The only thing that's actually public are the public keys of the transacting parties. Public keys can be anonymously generated for free. It only becomes possible to deanonymize transactions if the money actually touches a deanonymized terminus.
Even assuming all the fiat off-ramps are properly KYC'd, it still gives the criminal unilateral control to arbitrarily decide when and where to risk deanonymization. You can commit a crime, then wait years for the heat to let up and make sure you're in a safe country without extradition treaties.
You must be joking? There is a trivial way to hide the traces by using mixers. Why do you think ransomware and black markets today exclusively run crypto not fiat?
Also stable value, if I stole $1 million, I'd probably want to bury it in the desert for a few years and then come back to dig it up once the heat died down. With BTC it's a big gamble what it will be worth. Fine to sit on it when the price is going up, but if the price of my ill gotten bitcoins is crashing it might force me to make a stupid mistake and get caught.
So, what you're talking about is a USD market consensus on another currency/entity (i.e. people who currently work with USD primarily arriving at a consensus on the price of bitcoin), run a simulation in your head if you will, something interesting and fairly complex comes up, there's a lot of information asymmetry around it, what do you think happens around the consensus of it as time progresses? (does the information asymmetry decrease or increase?)
We can do this soon in El Salvador (and some pockets in the US too).

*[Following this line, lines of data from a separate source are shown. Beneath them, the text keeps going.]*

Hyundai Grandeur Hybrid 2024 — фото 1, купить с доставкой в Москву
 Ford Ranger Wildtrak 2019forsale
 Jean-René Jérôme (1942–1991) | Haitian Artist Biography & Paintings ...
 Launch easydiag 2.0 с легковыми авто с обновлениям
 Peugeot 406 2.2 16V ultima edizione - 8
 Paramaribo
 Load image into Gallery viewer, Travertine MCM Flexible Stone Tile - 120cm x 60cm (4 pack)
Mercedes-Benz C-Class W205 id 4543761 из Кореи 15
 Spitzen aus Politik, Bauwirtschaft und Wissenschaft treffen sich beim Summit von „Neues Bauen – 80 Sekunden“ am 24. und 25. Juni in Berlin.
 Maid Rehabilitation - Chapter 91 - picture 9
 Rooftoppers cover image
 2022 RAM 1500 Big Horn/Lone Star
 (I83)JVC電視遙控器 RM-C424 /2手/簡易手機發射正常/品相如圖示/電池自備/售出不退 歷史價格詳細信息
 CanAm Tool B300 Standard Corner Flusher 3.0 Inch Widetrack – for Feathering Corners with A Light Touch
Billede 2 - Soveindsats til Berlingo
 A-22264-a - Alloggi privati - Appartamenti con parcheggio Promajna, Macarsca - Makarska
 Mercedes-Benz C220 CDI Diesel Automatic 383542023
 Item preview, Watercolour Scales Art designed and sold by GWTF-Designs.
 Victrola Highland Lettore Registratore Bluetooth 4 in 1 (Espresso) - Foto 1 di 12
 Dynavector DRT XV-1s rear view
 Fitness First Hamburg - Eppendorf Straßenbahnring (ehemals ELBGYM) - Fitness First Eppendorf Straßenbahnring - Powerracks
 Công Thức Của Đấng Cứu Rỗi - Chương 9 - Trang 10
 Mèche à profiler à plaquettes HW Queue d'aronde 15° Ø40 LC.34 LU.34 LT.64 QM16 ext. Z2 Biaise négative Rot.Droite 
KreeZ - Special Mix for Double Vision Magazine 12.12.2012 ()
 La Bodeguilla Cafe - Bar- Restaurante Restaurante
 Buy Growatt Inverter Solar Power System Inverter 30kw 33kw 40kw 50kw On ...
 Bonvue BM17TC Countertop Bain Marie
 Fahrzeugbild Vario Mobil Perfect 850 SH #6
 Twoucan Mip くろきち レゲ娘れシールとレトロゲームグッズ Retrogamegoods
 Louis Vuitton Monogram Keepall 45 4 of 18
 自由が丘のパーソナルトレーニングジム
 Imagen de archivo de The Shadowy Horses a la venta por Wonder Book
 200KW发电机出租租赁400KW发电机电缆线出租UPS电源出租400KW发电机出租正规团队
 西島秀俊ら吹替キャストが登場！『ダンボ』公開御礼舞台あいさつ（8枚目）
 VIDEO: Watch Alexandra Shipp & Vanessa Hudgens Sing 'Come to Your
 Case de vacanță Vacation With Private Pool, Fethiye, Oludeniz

The thing is, this is a strange argument, you want a sudden world wide adoption, like, tomorrow every biz owner wakes up and decides to accept bitcoin, so that you can buy your coffee at your local starbucks, have you thought through this? how does the total adoption happen what steps should happen before.
Most criminals are stupid and eventually get caught. Can you show an example of large-scale ransomware where criminal could convert Bitcoin into fiat currency? Most of them store Bitcoin and wait, probably realizing it is not easy to clean that bitcoin. This idea of using mixers is a myth.
Come on, many ransomware packages are quite sophisticated and the operation's run by organized criminals. We're not talking about people impulsively robbing a gas station.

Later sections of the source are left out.